_Try it:_ Give the listing again exactly, omitting its images.

_Provided information:_

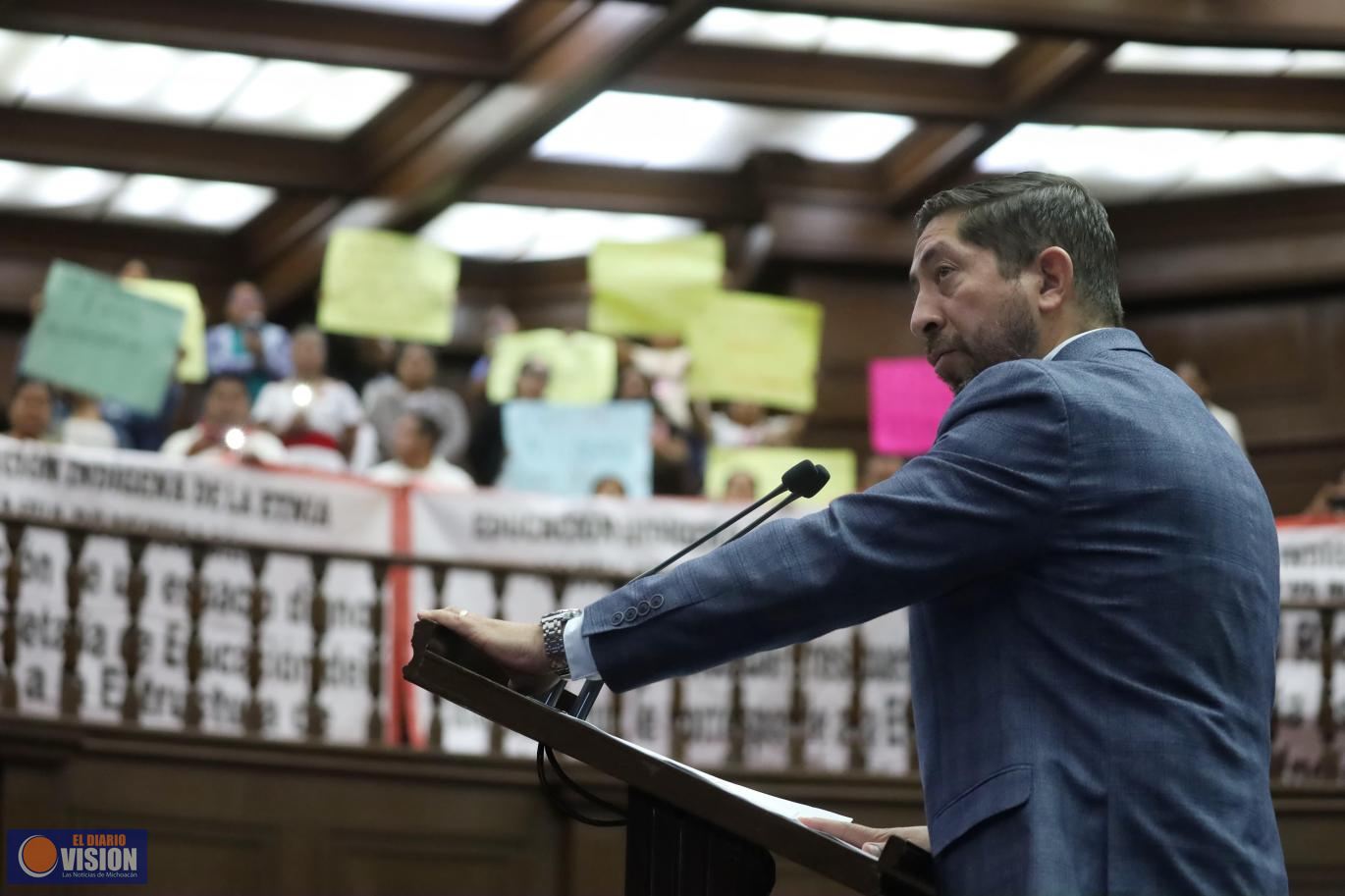 Abraham Espinoza propone la creación de la Dirección de Educación Indígena Náhuatl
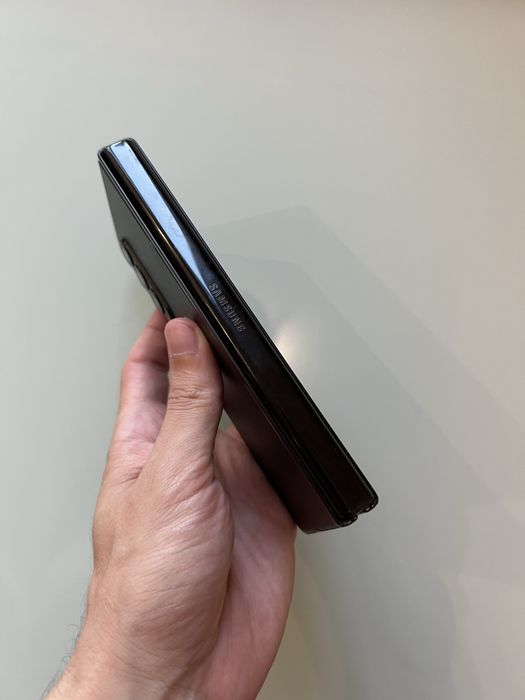 Samsung Galaxy Z Fold 3 12/256 GB!
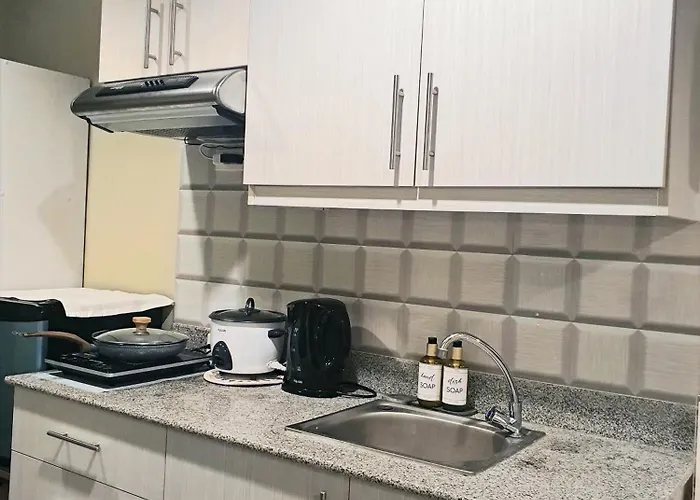 Apartment Near Ayala Mall & It Park - Sea And View With Balcony *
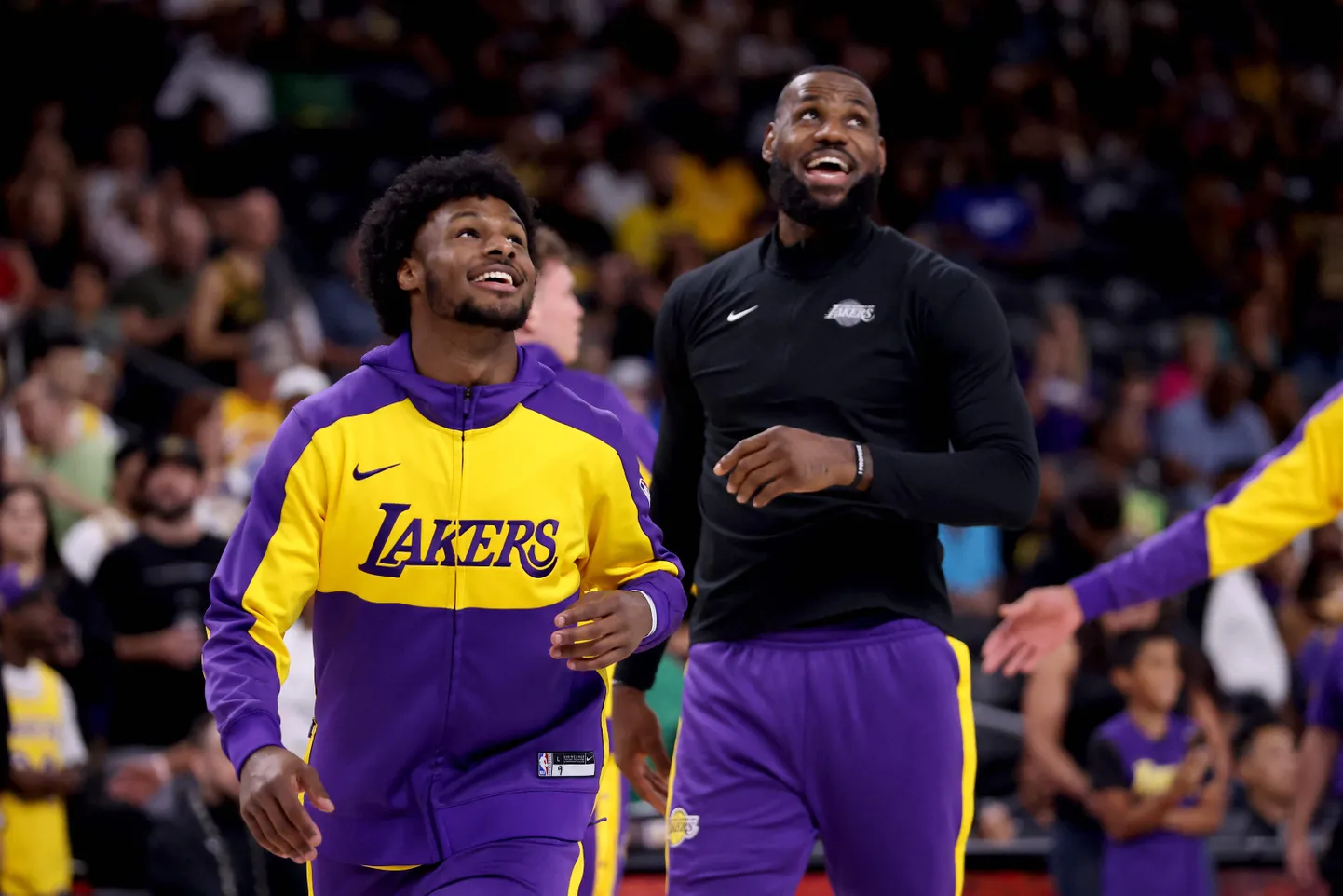 NBA spēlētāji dēls un tēvs – Bronijs un Lebrons Džeimsi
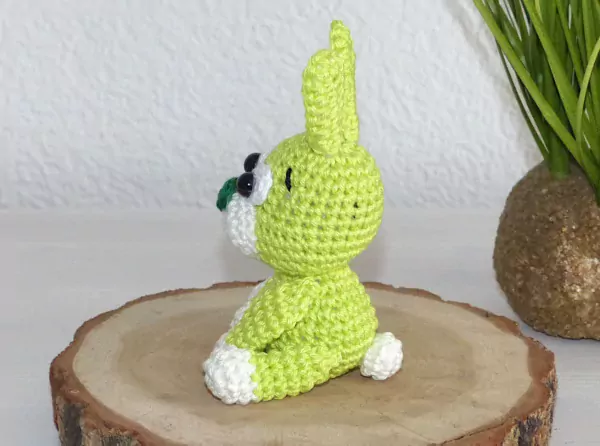 Häkelanleitungen für Ostern Häkelanleitung kleiner Hase Amigurumi 4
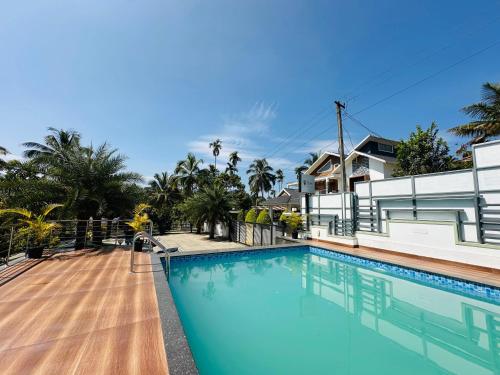 crystal winter arcade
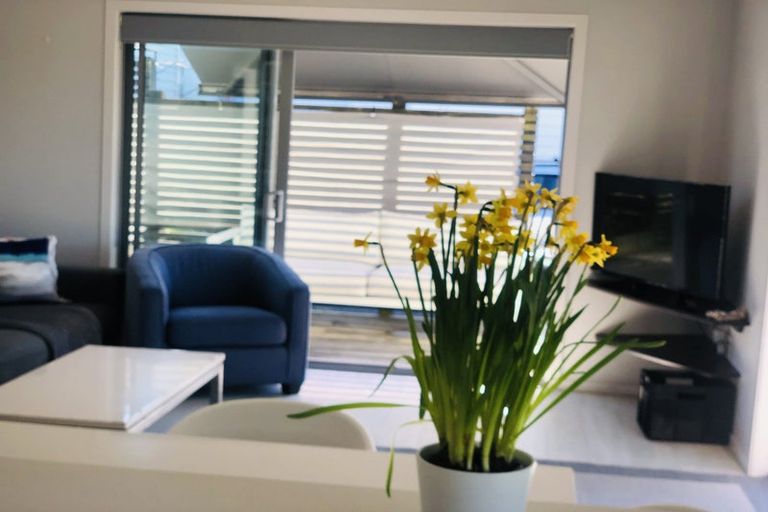 Photo of property in 15 Old Lake Road, Narrow Neck, Auckland, 0624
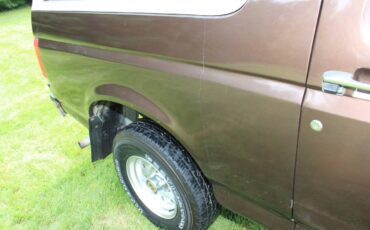 Ford-bronco-xlt-lariat-1989-7
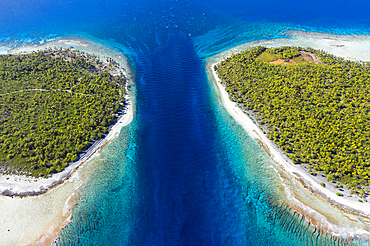 Almonu Pass of Apataki Atoll, Tuamotu Archipel, French Polynesia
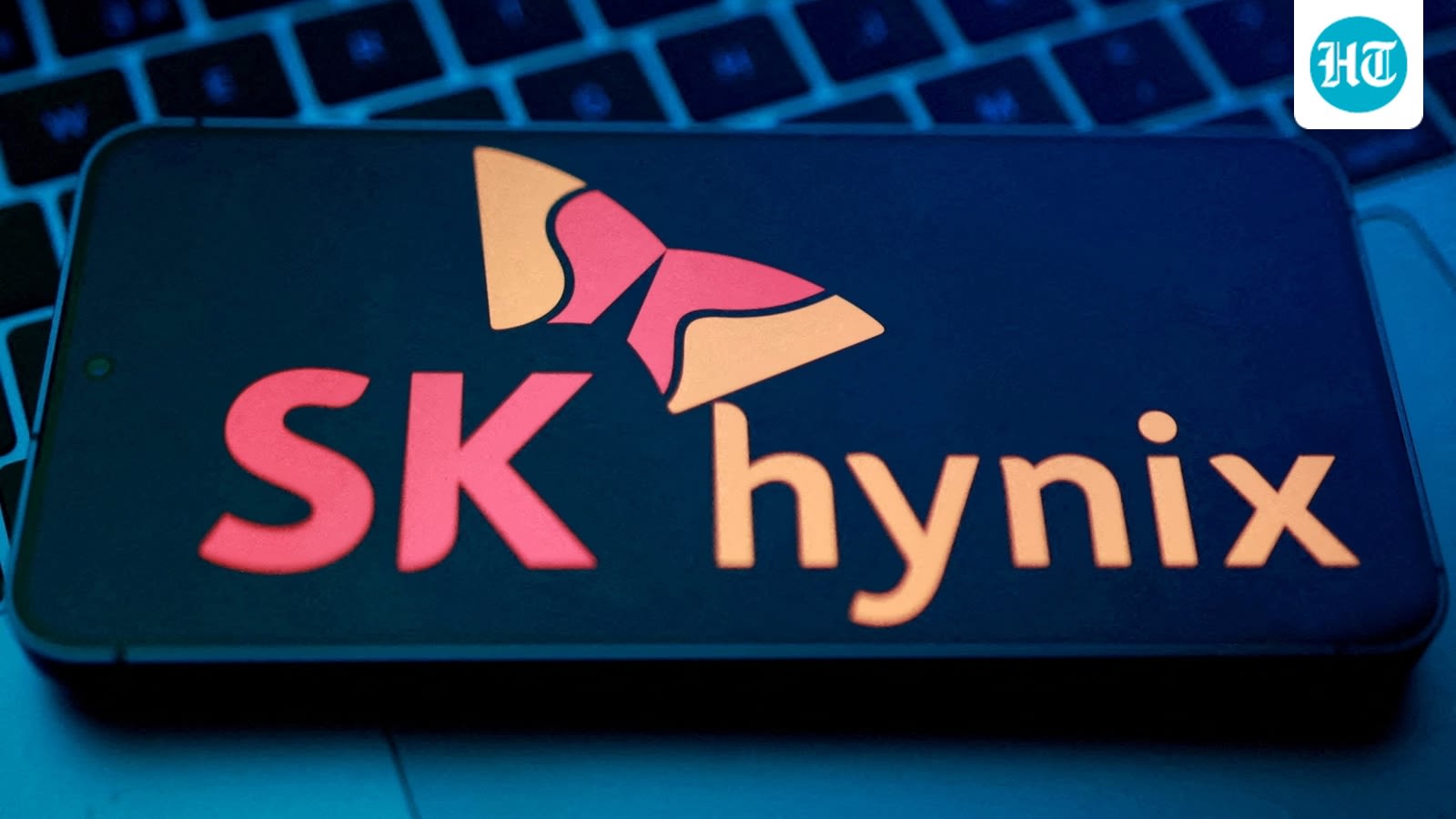 Why is SK Hynix considering Intel's Ohio factory for US AI memory production?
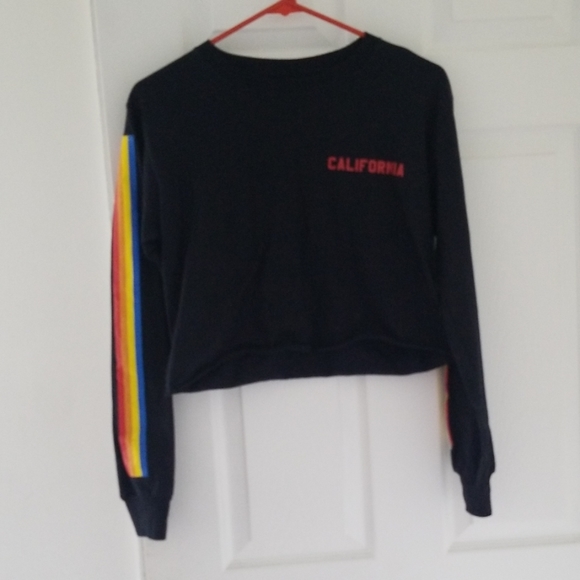 Tops - Crop long sleeve
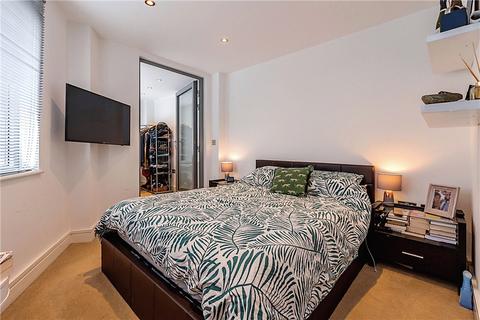 2 bedroom maisonette for sale, Boleyn Road, London, N16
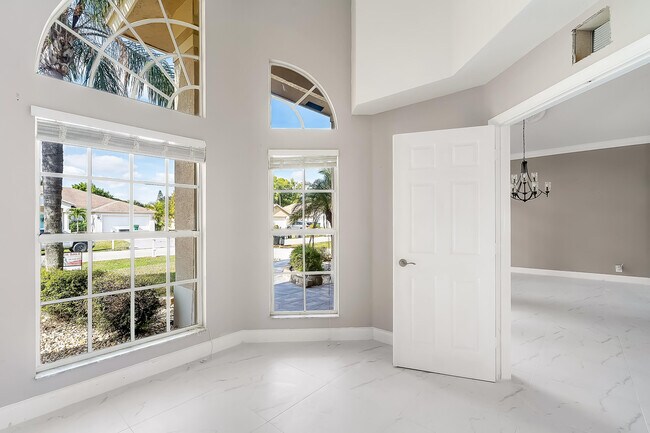 Building Photo - 2962 SW Coastal Terrace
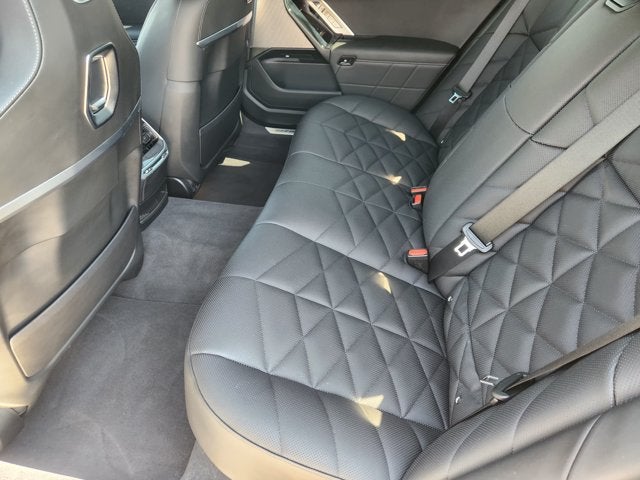 2025 BMW 7 Series 740i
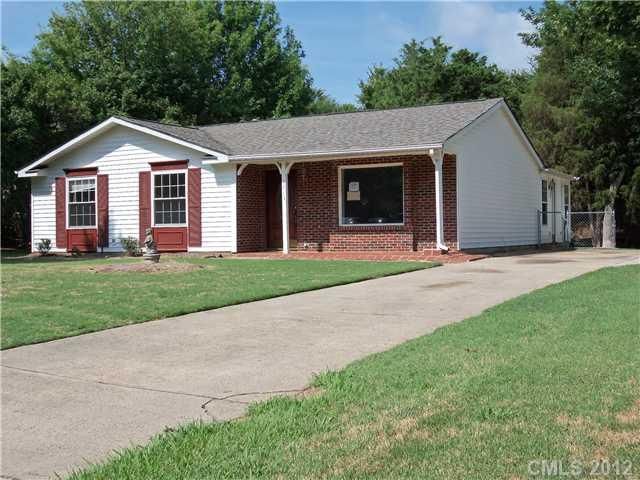 1713 Rice Planters Rd, Charlotte, NC 28273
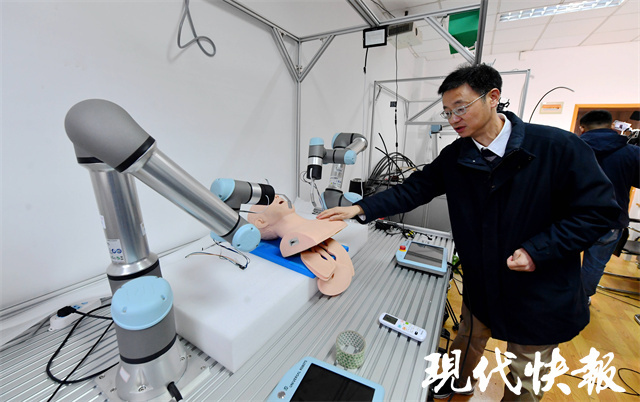 △力反馈遥控操作头颈部手术机器人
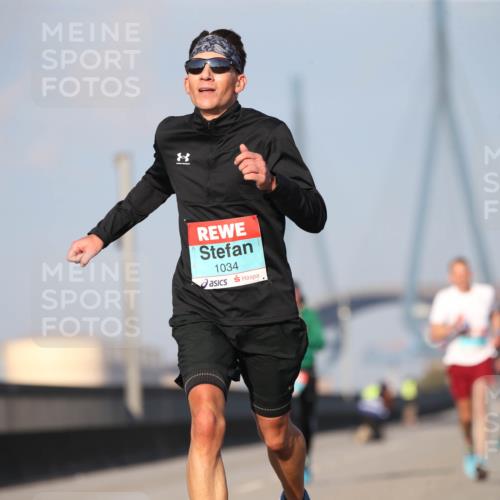 03.10.2025 - Köhlbrandbrückenlauf Jannik Wohlers http://msf.ph/oto/9073709 03.10.2025 09:39:50 Position 3 8, 1034 meine-sportfotos.de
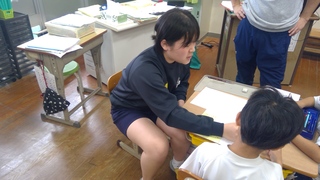 アシスタントT (4) アシスタントT (4)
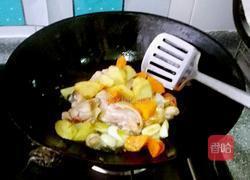 青椒烧鸡腿的做法图解6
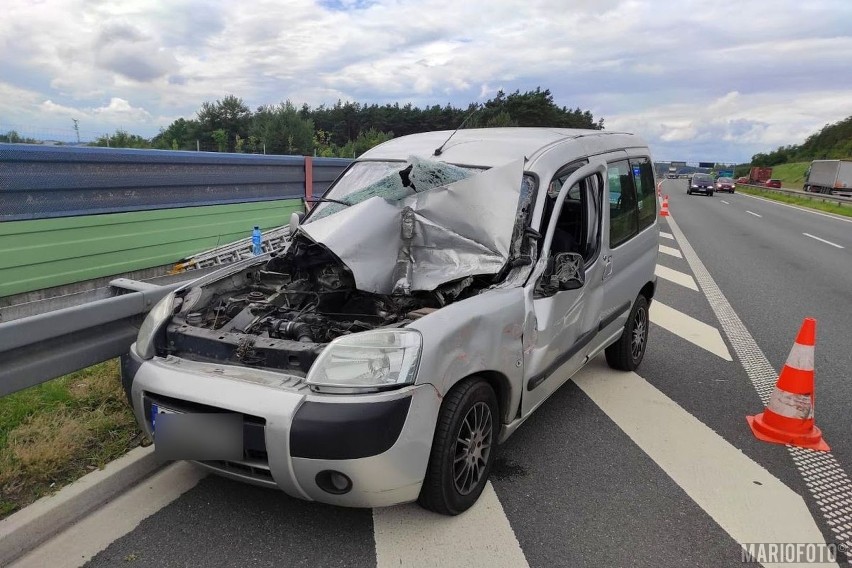 Wypadek na autostradzie A4. Kierowca osobówki został ranny
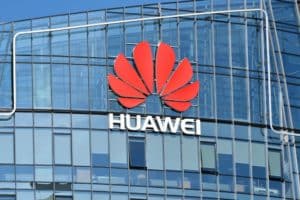 Huawei unveils AI chip for its own servers for the first time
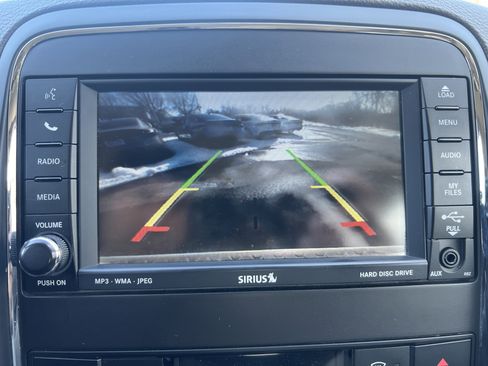 Used 2011 Dodge Durango Crew image 18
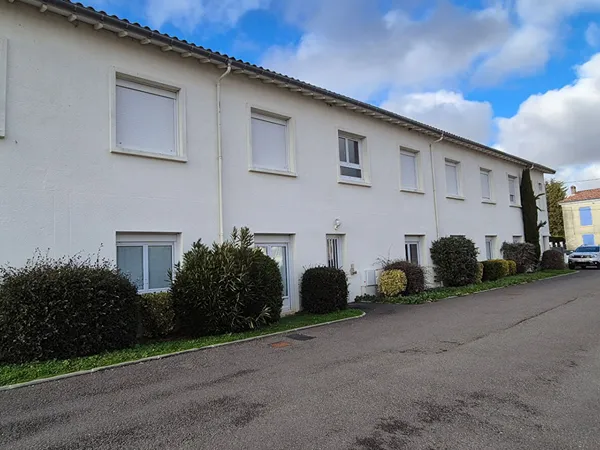 Appartement Saint Jean D Angely 4 pièce(s) 78 m2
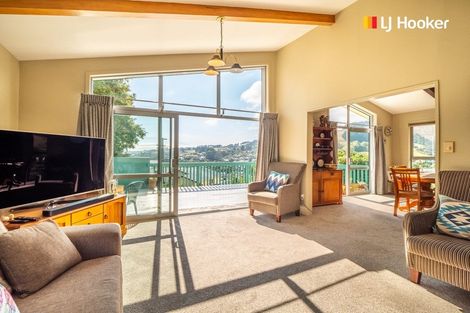 Photo of property in 60 Marion Street, Macandrew Bay, Dunedin, 9014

_Response area:_
 Abraham Espinoza propone la creación de la Dirección de Educación Indígena Náhuatl
 Samsung Galaxy Z Fold 3 12/256 GB!
 Apartment Near Ayala Mall & It Park - Sea And View With Balcony *
 NBA spēlētāji dēls un tēvs – Bronijs un Lebrons Džeimsi
 Häkelanleitungen für Ostern Häkelanleitung kleiner Hase Amigurumi 4
 crystal winter arcade
 Photo of property in 15 Old Lake Road, Narrow Neck, Auckland, 0624
 Ford-bronco-xlt-lariat-1989-7
 Almonu Pass of Apataki Atoll, Tuamotu Archipel, French Polynesia
 Why is SK Hynix considering Intel's Ohio factory for US AI memory production?
 Tops - Crop long sleeve
 2 bedroom maisonette for sale, Boleyn Road, London, N16
 Building Photo - 2962 SW Coastal Terrace
 2025 BMW 7 Series 740i
 1713 Rice Planters Rd, Charlotte, NC 28273
 △力反馈遥控操作头颈部手术机器人
 03.10.2025 - Köhlbrandbrückenlauf Jannik Wohlers http://msf.ph/oto/9073709 03.10.2025 09:39:50 Position 3 8, 1034 meine-sportfotos.de
 アシスタントT (4) アシスタントT (4)
 青椒烧鸡腿的做法图解6
 Wypadek na autostradzie A4. Kierowca osobówki został ranny
 Huawei unveils AI chip for its own servers for the first time
 Used 2011 Dodge Durango Crew image 18
 Appartement Saint Jean D Angely 4 pièce(s) 78 m2
 Photo of property in 60 Marion Street, Macandrew Bay, Dunedin, 9014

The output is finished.